### EXERCISE PROMPT
Taking the entries below, transcribe only the lines starting with the one with "High Performance Bbq" and going on through the one with "YS東麻布ビル(旧:ACO麻布アコービル) 1階 間取り図", exactly as written, without the pictures.

Segment Start: RECORDS SUPPLIED

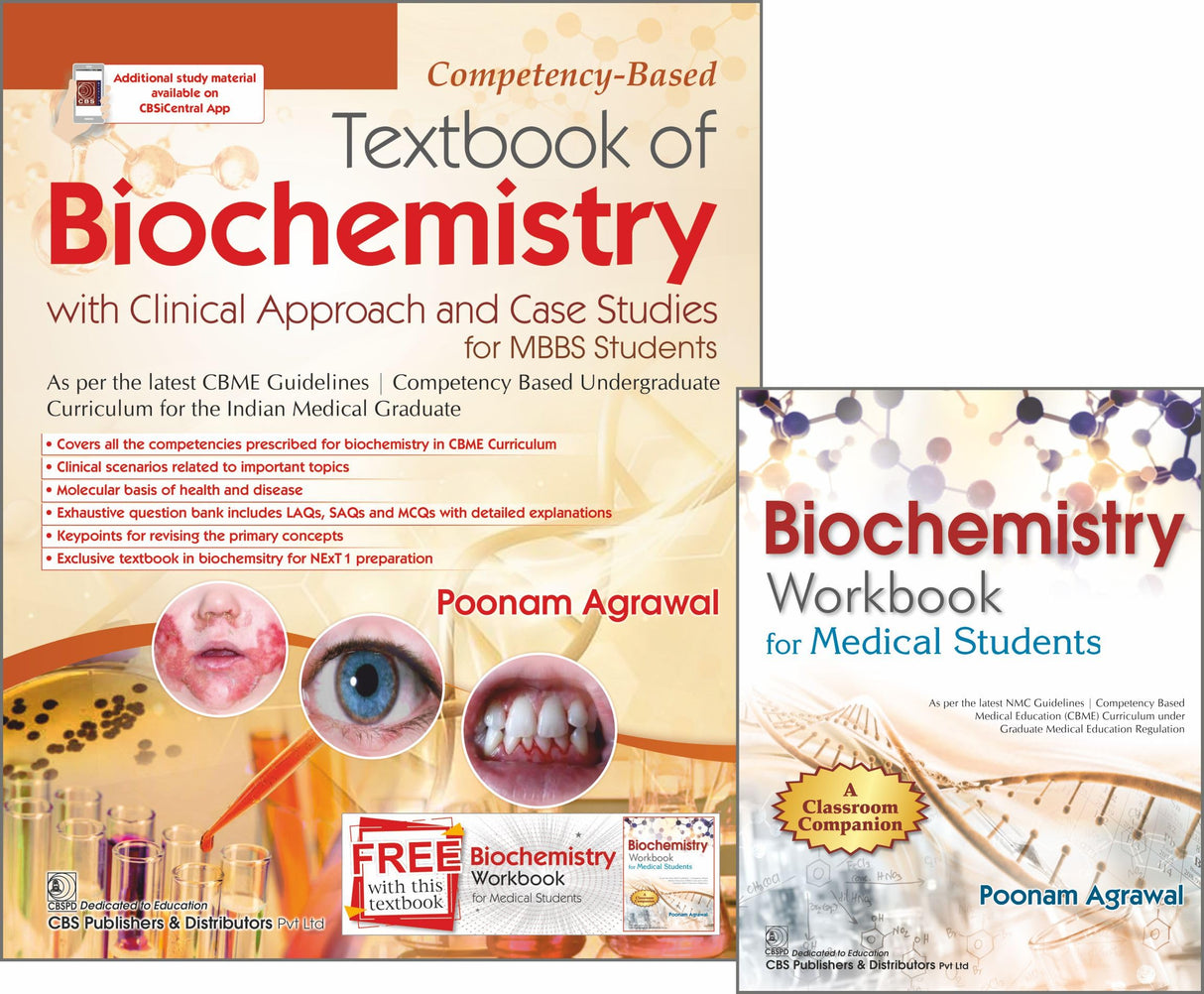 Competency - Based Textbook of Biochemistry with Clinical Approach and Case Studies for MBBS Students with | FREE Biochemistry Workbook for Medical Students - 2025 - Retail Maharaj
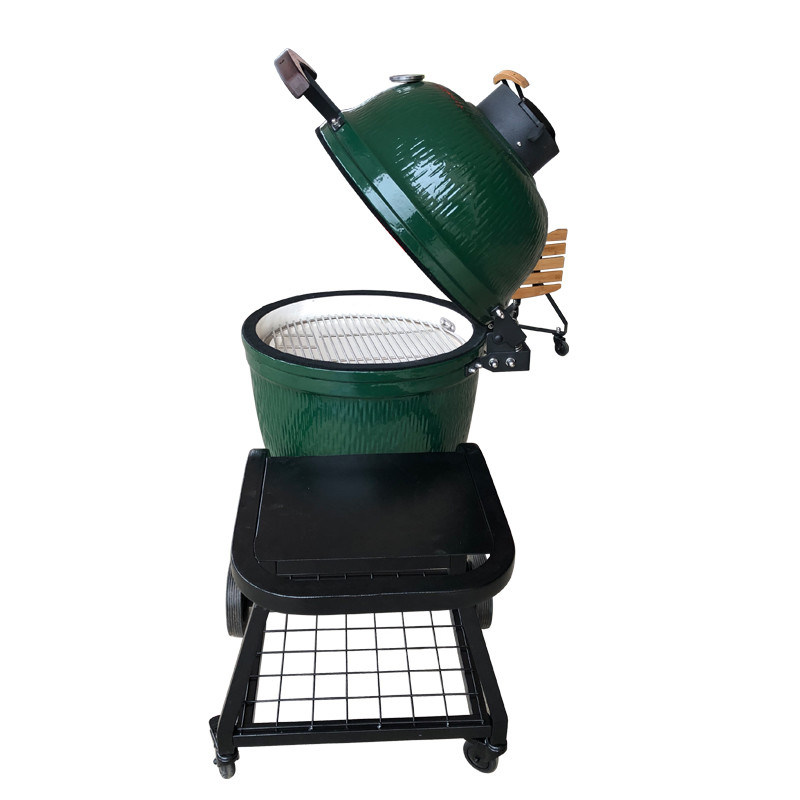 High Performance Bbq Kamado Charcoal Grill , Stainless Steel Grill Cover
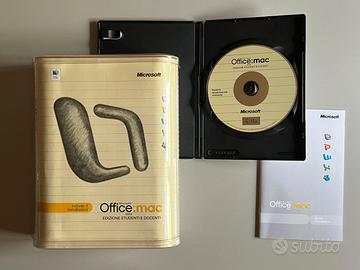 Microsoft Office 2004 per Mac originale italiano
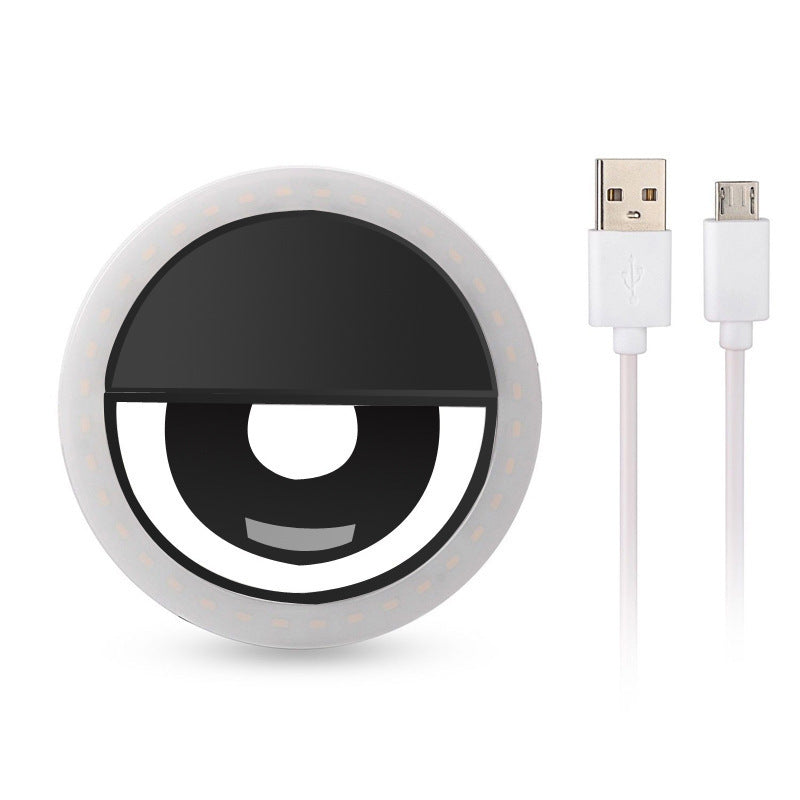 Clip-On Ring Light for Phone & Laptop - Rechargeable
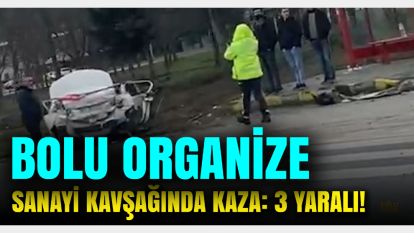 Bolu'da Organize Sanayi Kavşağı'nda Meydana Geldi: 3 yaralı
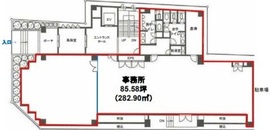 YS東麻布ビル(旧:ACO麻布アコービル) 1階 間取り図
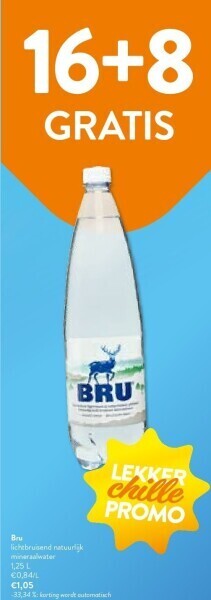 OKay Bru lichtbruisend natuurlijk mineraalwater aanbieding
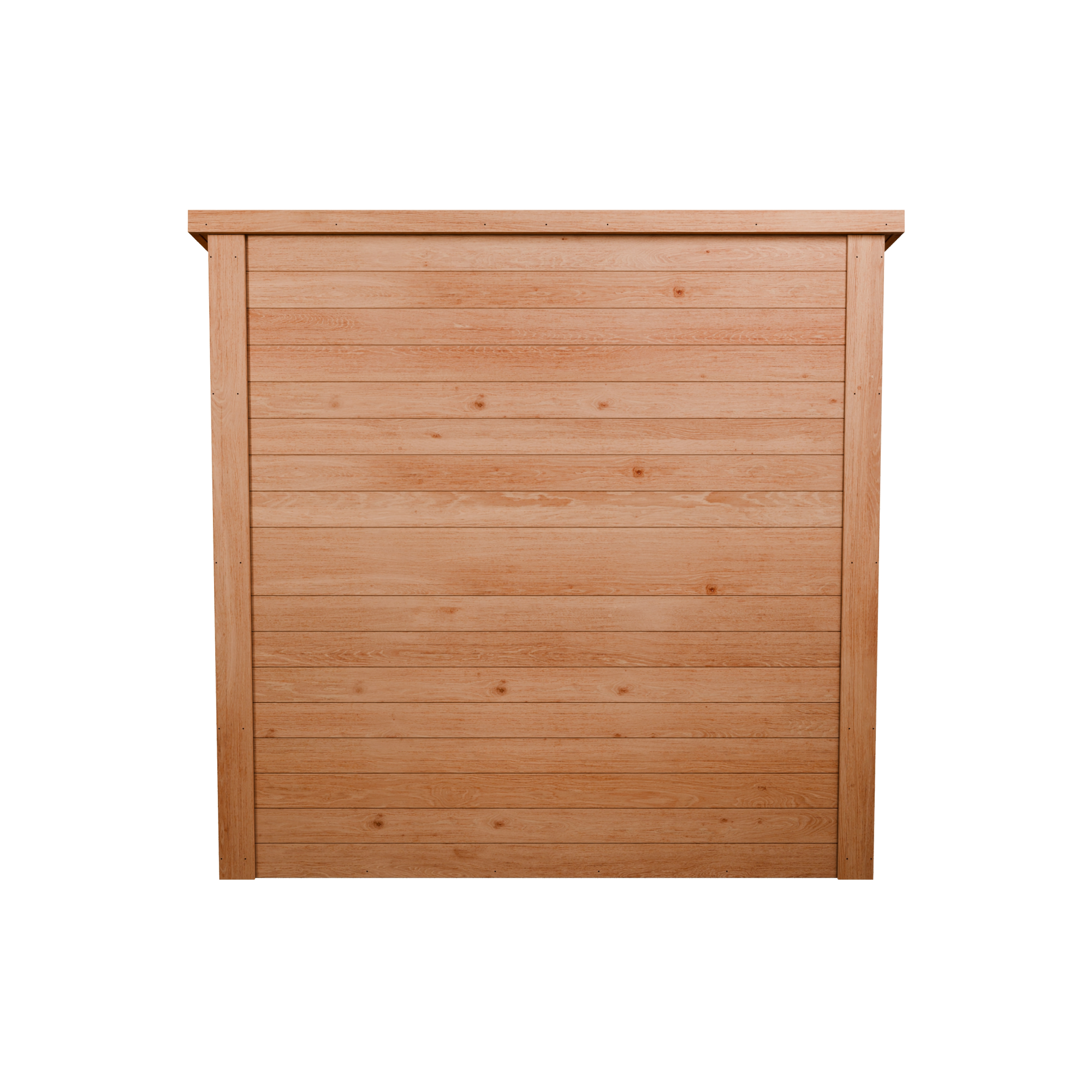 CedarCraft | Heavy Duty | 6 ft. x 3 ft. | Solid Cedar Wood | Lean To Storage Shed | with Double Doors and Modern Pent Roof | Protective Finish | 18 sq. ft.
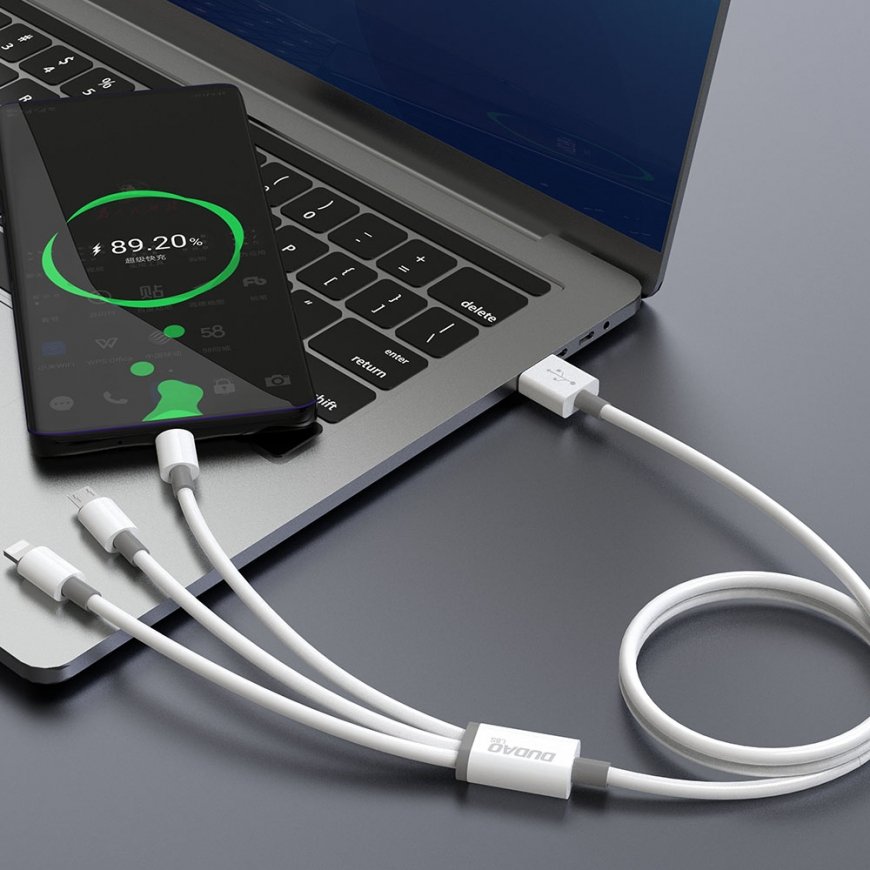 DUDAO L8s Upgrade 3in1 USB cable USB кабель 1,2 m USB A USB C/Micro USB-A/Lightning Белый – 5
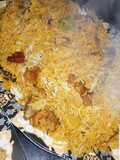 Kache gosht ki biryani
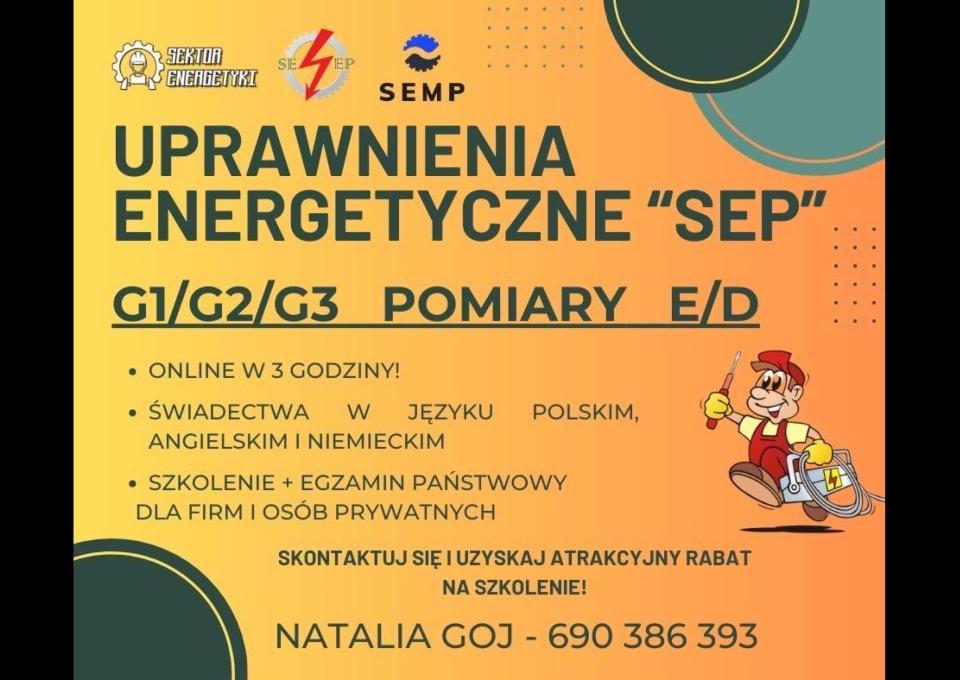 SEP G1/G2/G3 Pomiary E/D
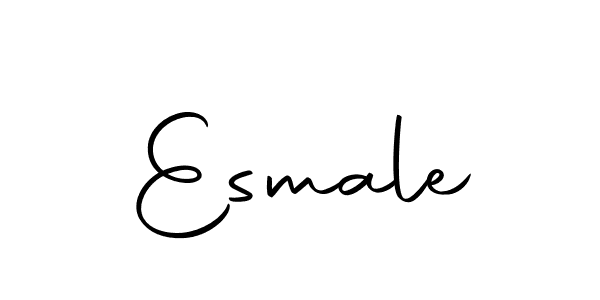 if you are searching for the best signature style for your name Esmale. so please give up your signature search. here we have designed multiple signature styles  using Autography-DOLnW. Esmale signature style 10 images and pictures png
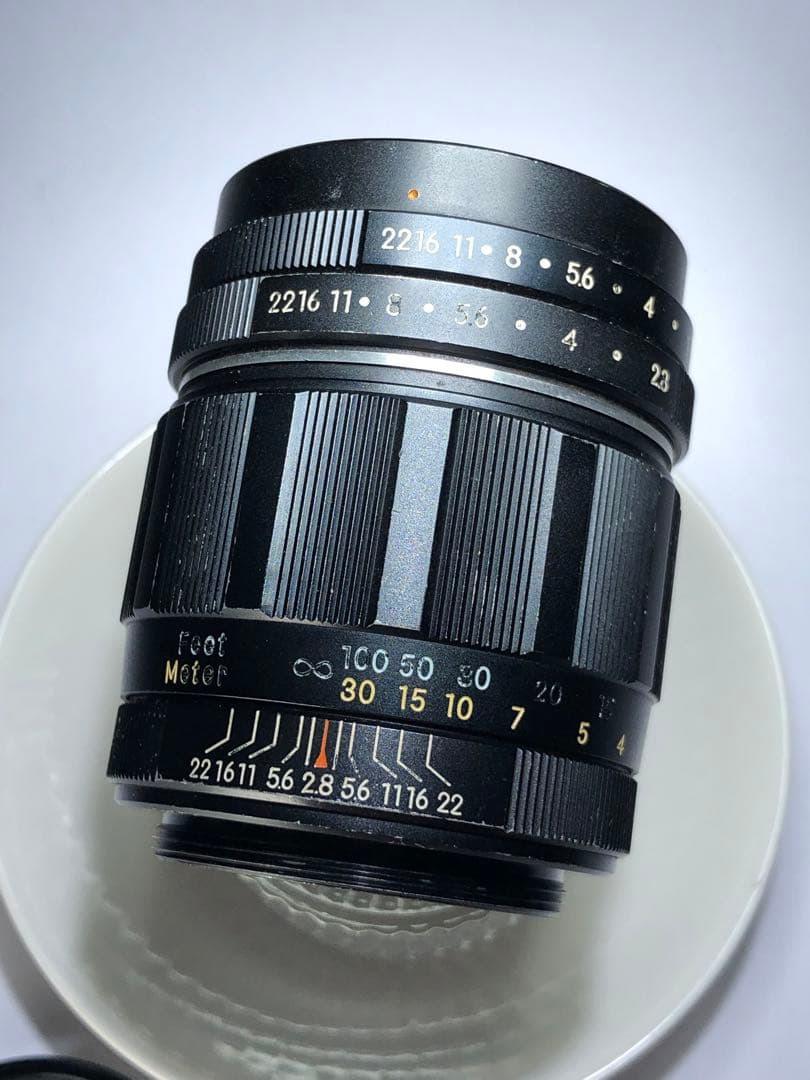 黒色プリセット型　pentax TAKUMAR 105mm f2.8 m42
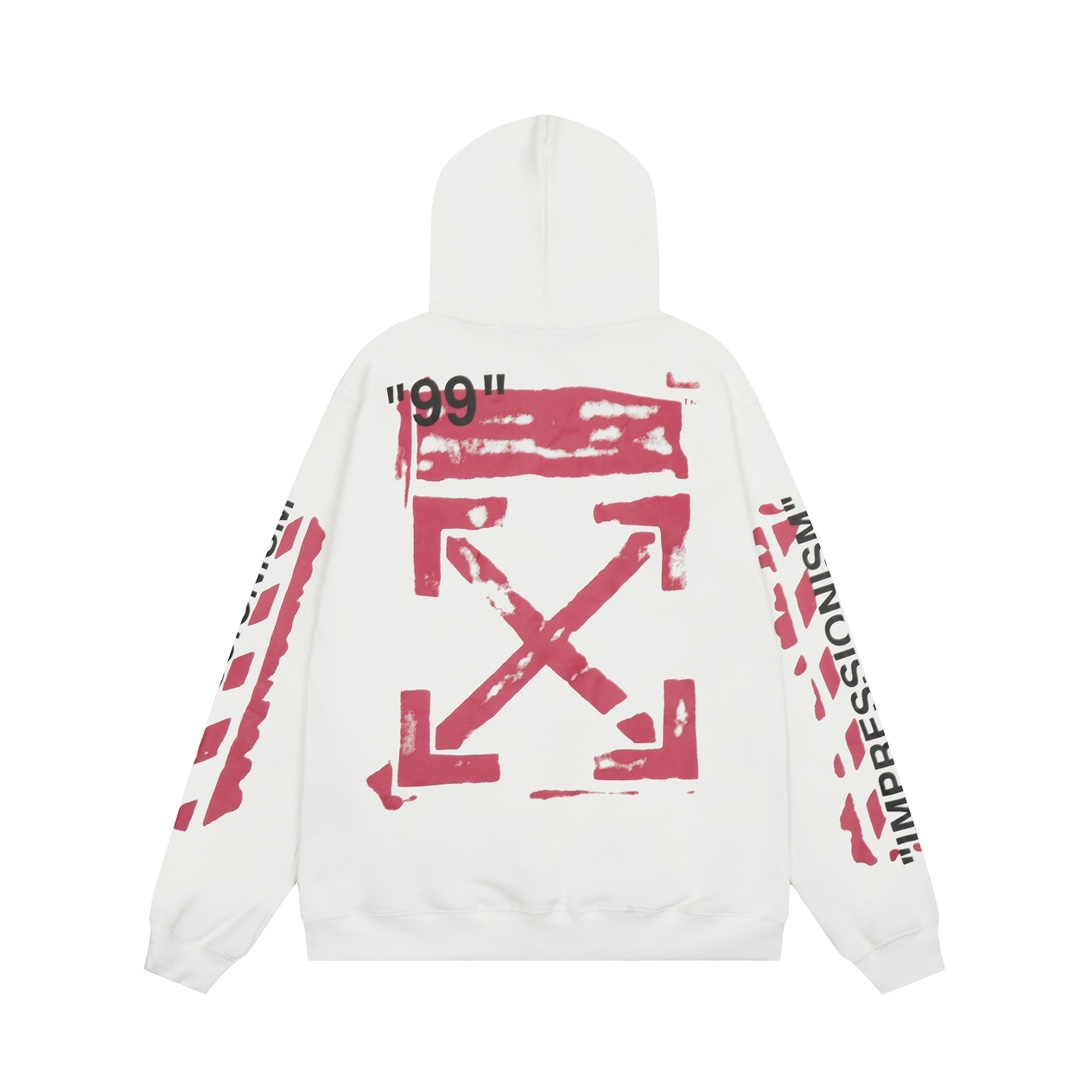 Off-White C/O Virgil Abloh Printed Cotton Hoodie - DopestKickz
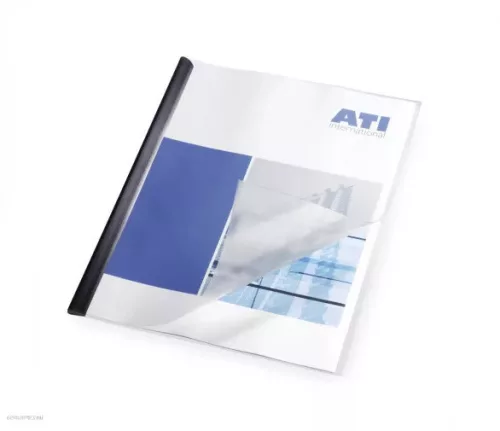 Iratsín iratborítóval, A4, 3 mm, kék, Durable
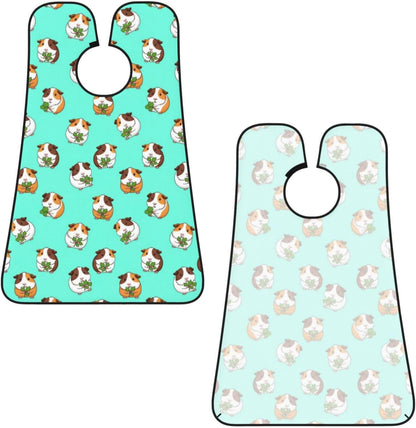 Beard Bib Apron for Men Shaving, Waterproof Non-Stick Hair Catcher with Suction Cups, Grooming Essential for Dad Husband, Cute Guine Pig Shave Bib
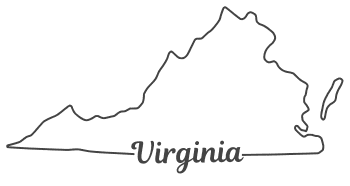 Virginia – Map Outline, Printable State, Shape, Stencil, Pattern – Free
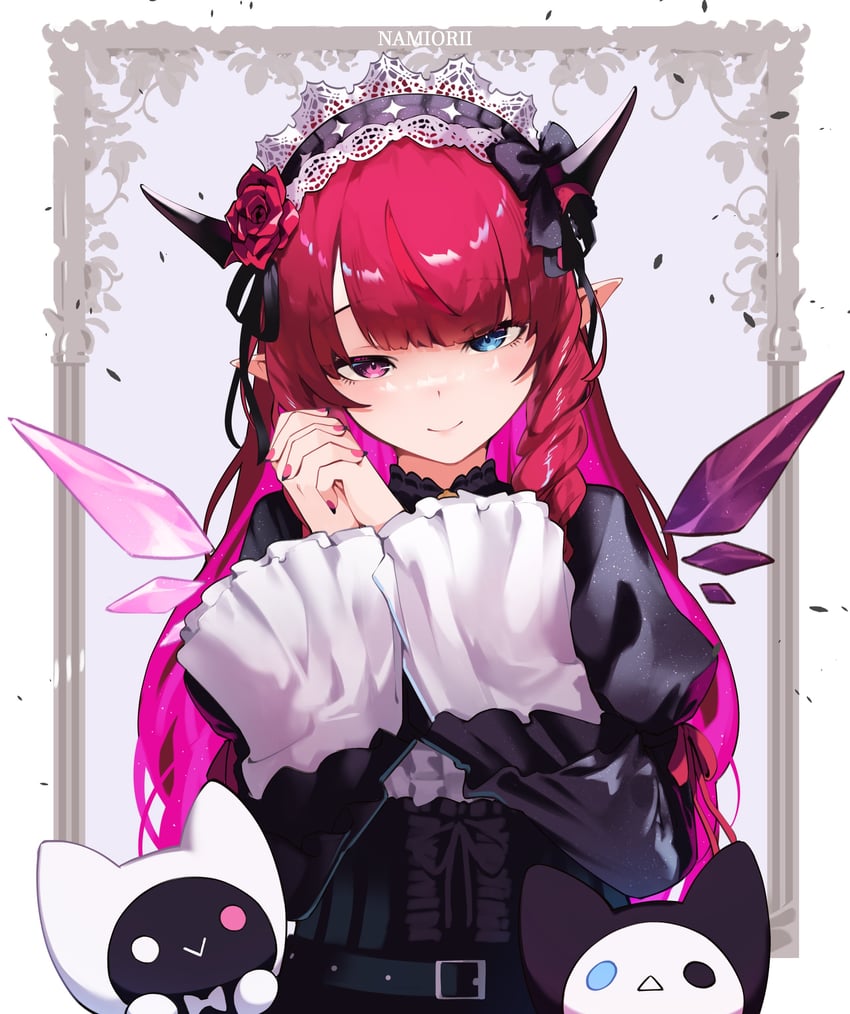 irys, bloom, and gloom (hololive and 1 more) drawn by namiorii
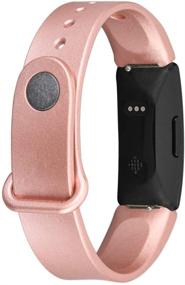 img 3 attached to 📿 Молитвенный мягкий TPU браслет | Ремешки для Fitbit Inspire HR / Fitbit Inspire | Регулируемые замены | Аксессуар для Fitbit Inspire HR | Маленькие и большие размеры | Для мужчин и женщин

Segment End: RECORDS SUPPLIED

### RESPONSE BELOW
 High Performance Bbq Kamado Charcoal Grill , Stainless Steel Grill Cover
 Microsoft Office 2004 per Mac originale italiano
 Clip-On Ring Light for Phone & Laptop - Rechargeable
 Bolu'da Organize Sanayi Kavşağı'nda Meydana Geldi: 3 yaralı
 YS東麻布ビル(旧:ACO麻布アコービル) 1階 間取り図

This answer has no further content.